There are a few other actors to round out the cast, but so far they haven’t been given a terrible lot to do. Lance Reddick is essentially this show’s “Skinner”, the boss man who hands out the assignments, but at least there is the hint that he may be playing both sides of the fence, which is intriguing. Kirk Acevedo’s character mostly just executes arrest and search warrants, and Jasika Nicole’s character is a glorified gopher. It’s pretty sad when the only notable scene involving Nicole’s Astrid Farnsworth is to be snuck up on and stabbed in the neck with a hypodermic needle of tranquilizer by Walter.

In terms of content, after watching 5 episodes it seems to me that Fringe follows the X-Files paradigm pretty closely in terms of the “freak of the week” structure. Each show begins with a creepy teaser setting up the puzzle or mystery of the episode, followed by eerie New-Agey opening credits. The heroes show up after the commercial break to investigate, and things seem to be wrapped up pretty well by the end of each week. But then there is often a coda which indicates things are not as settled as the good guys might’ve been fooled into believing.
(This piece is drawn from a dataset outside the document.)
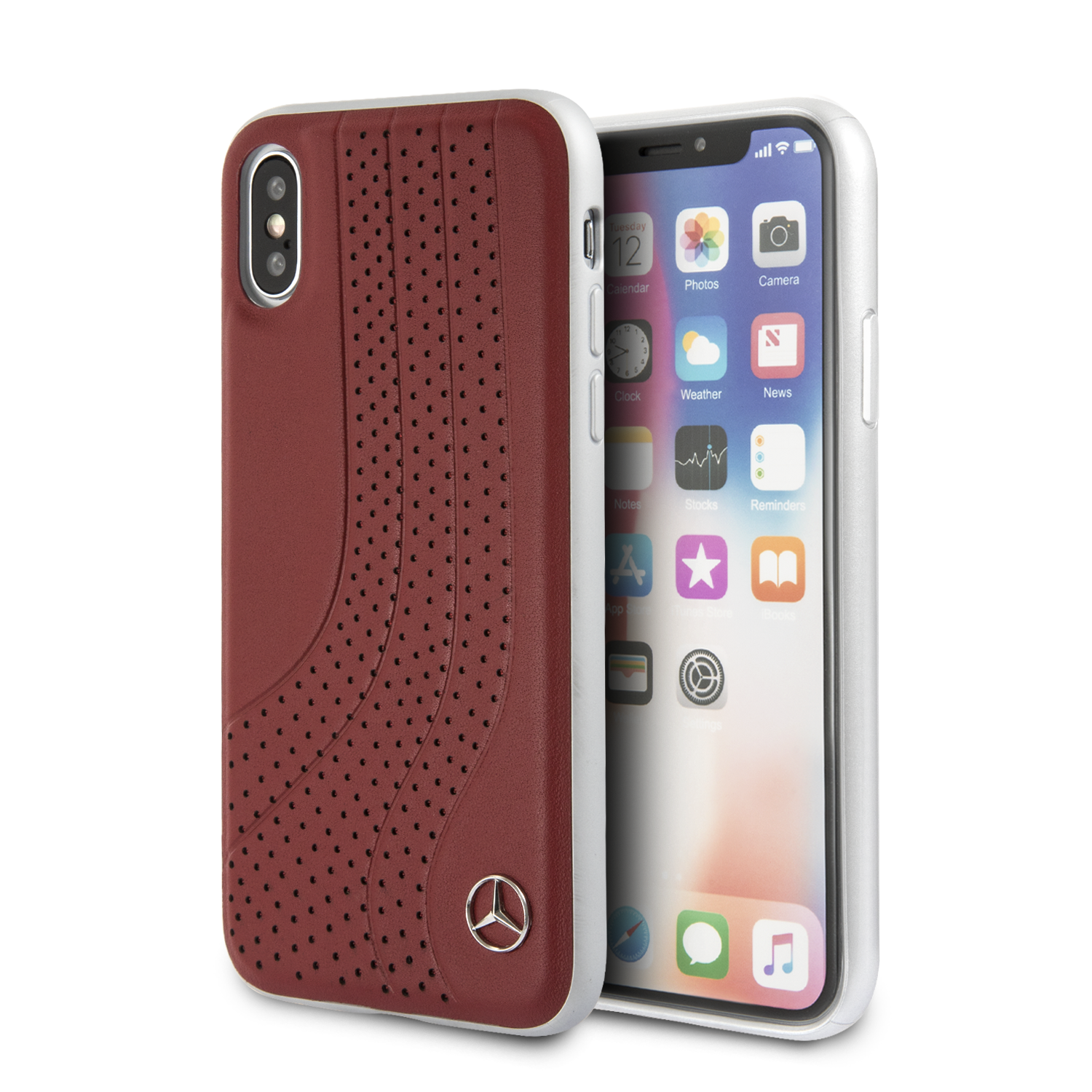 Funda Case Mercedes Benz Arcos Piel Roja iPhone X/xs - ForwardContigo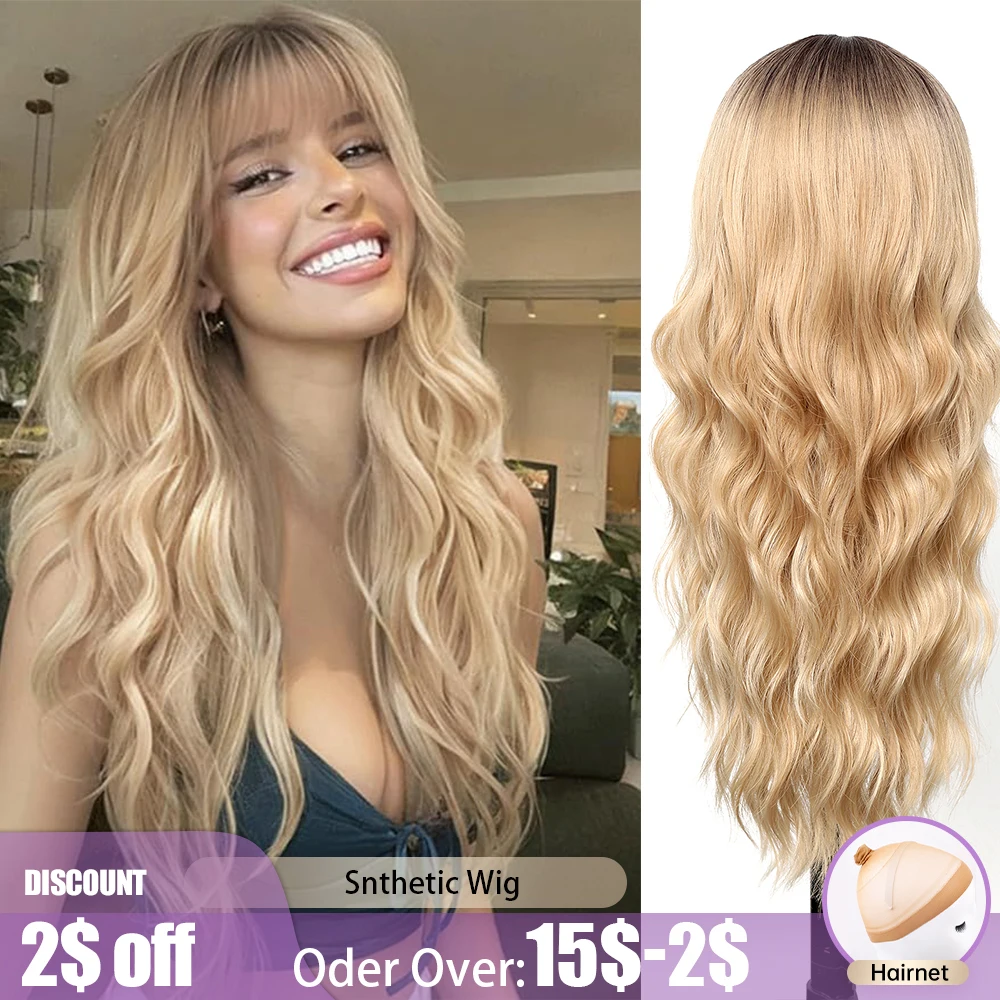 

Long Curly Synthetic Wigs Blonde Ombre Water Wave Wigs with Bangs Dark Root Hair for Women Daily Machine Made Wig Heat Resistant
So as the X-Files had its conspiracy “mythology”, Fringe has “The Pattern”, an overarching connection between all these seemingly isolated paranormal events that suggests they might be orchestrated towards a single unguessable goal. Instead of a Cigarette Smoking Man, there is The Observer, a hairless man in a suit and fedora who is present at every catastrophe to takes notes in a pictographic writing. The recent episode “The Arrival” has a black ops baddie that is reminiscent of Krycek. Since Fringe is executive produced by JJ Abrams, I can’t help but to look to his previous series to get some idea as to whether the Pattern storyline will be executed any better than the X-Files’ slapdash mythology. On the one hand, I truly do get the sense when I watch Lost that the creators know all the answers and are slowly working towards those big reveals at the end of the series. On the other, the ongoing Rimbaldi thread in Alias was loaded with potential that went absolutely nowhere, and the whole thing was dropped halfway through the show’s run. So really this show could go either way, but I’m hopeful.

I’m not the world’s biggest horror fan, but I’m sticking with Fringe. Few new series get past that crucial 3-episode trail period with me, but I’ve decided to take the ride with this one in the hopes that it takes me to some cool stops along the way. Right now I would rate Fringe at a 7.5, although that could certainly rise with time as the characters develop and the Pattern mystery unfolds.